Sparse vectors store only non-zero values as key-value pairs, making them efficient for lexical search where only a few dimensions are active. They excel at exact keyword matching and complement dense vectors in hybrid search.
Understanding Sparse Vectors
Unlike dense vectors that have values in every dimension, sparse vectors are represented as dictionaries mapping dimension indices to non-zero weights:
# Dense vector (all dimensions present)
dense = [0.1, 0.0, 0.0, 0.3, 0.0, 0.0, 0.2, ...]
# Sparse vector (only non-zero dimensions)
sparse = {0: 0.1, 3: 0.3, 6: 0.2}
When to Use Sparse Vectors
- Keyword matching: Exact term matching for domain-specific queries
- BM25 retrieval: Traditional IR ranking for document search
- Hybrid search: Combine with dense vectors for best of both worlds
- High-dimensional spaces: Efficient when most dimensions are zero
Creating a Sparse Vector Schema
Define the Sparse Vector Field
Sparse vectors don’t require specifying dimensions upfront:from zvec import VectorSchema, DataType, HnswIndexParam
sparse_field = VectorSchema(
name="bm25",
data_type=DataType.SPARSE_VECTOR_FP32,
# No dimension parameter needed
index_param=HnswIndexParam()
)
Create Collection with Sparse Vectors
from zvec import CollectionSchema, FieldSchema
import zvec
schema = CollectionSchema(
name="documents",
fields=[
FieldSchema("id", DataType.INT64),
FieldSchema("text", DataType.STRING)
],
vectors=sparse_field
)
zvec.init()
collection = zvec.create_and_open("./sparse_collection", schema)
Generating Sparse Vectors with BM25
Zvec provides built-in BM25 embedding for efficient sparse vector generation:
Import BM25 Embedding Function
from zvec.extension import BM25EmbeddingFunction
Option 1: Use Built-in Encoder
No training required, works out of the box:# For queries (shorter text)
bm25_query = BM25EmbeddingFunction(
language="en", # "en" or "zh"
encoding_type="query"
)
# For documents (longer text)
bm25_doc = BM25EmbeddingFunction(
language="en",
encoding_type="document"
)
Option 2: Train Custom Encoder
Better accuracy for domain-specific vocabulary:# Your document corpus
corpus = [
"Machine learning algorithms",
"Natural language processing",
"Vector database technology",
# ... more documents
]
# Train BM25 on your corpus
bm25_custom = BM25EmbeddingFunction(
corpus=corpus,
encoding_type="query",
b=0.75, # Length normalization
k1=1.2 # Term frequency saturation
)
Generate Sparse Embeddings
# Generate sparse vector
query_text = "machine learning algorithms"

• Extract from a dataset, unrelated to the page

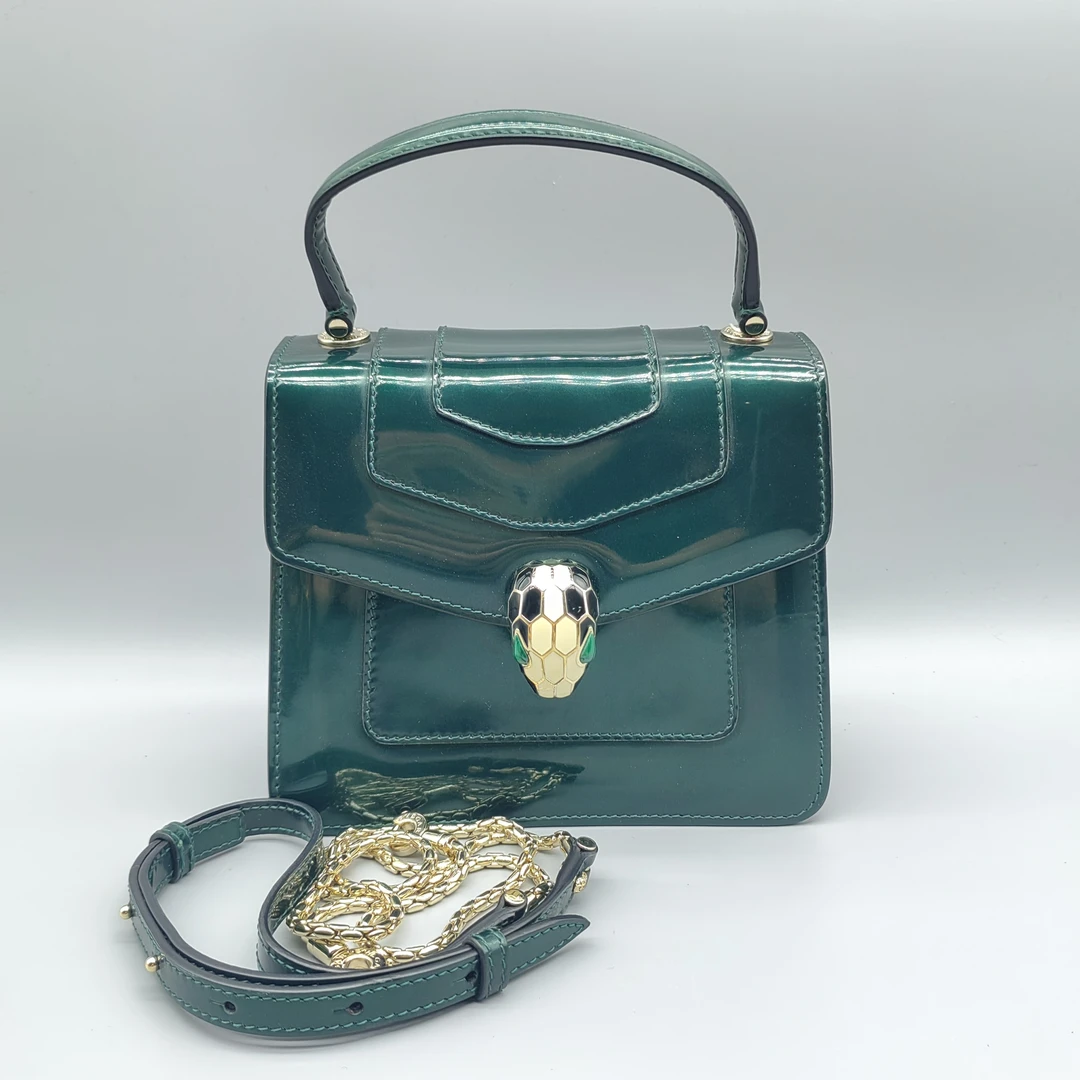 95新 BVLGARI/宝格丽  绿色漆皮蛇头链条包 1664 0015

sparse_vector = bm25_query.embed(query_text)
print(sparse_vector)
# Output: {1169440797: 0.29, 2045788977: 0.70, ...}
Inserting Sparse Vectors
With BM25 Embeddings
from zvec import Doc
documents = [
"Machine learning is a subset of AI",
"Natural language processing understands text",
"Vector databases store embeddings efficiently"
]
# Generate and insert documents
bm25_doc = BM25EmbeddingFunction(language="en", encoding_type="document")
docs = []
for i, text in enumerate(documents):
sparse_vec = bm25_doc.embed(text)
doc = Doc(
id=f"doc_{i}",
fields={"id": i, "text": text},
vectors={"bm25": sparse_vec}
)
docs.append(doc)
collection.insert(docs)
Manual Sparse Vector Creation
# Create sparse vector manually (useful for custom algorithms)
sparse_vec = {
100: 1.5, # Term ID 100 with weight 1.5
250: 2.3,
890: 0.8
}
doc = Doc(
id="custom_001",
fields={"id": 1, "text": "custom document"},
vectors={"bm25": sparse_vec}
)
collection.insert(doc)
Querying Sparse Vectors
Basic Sparse Search
from zvec import VectorQuery
# Generate query sparse vector
query_text = "machine learning algorithms"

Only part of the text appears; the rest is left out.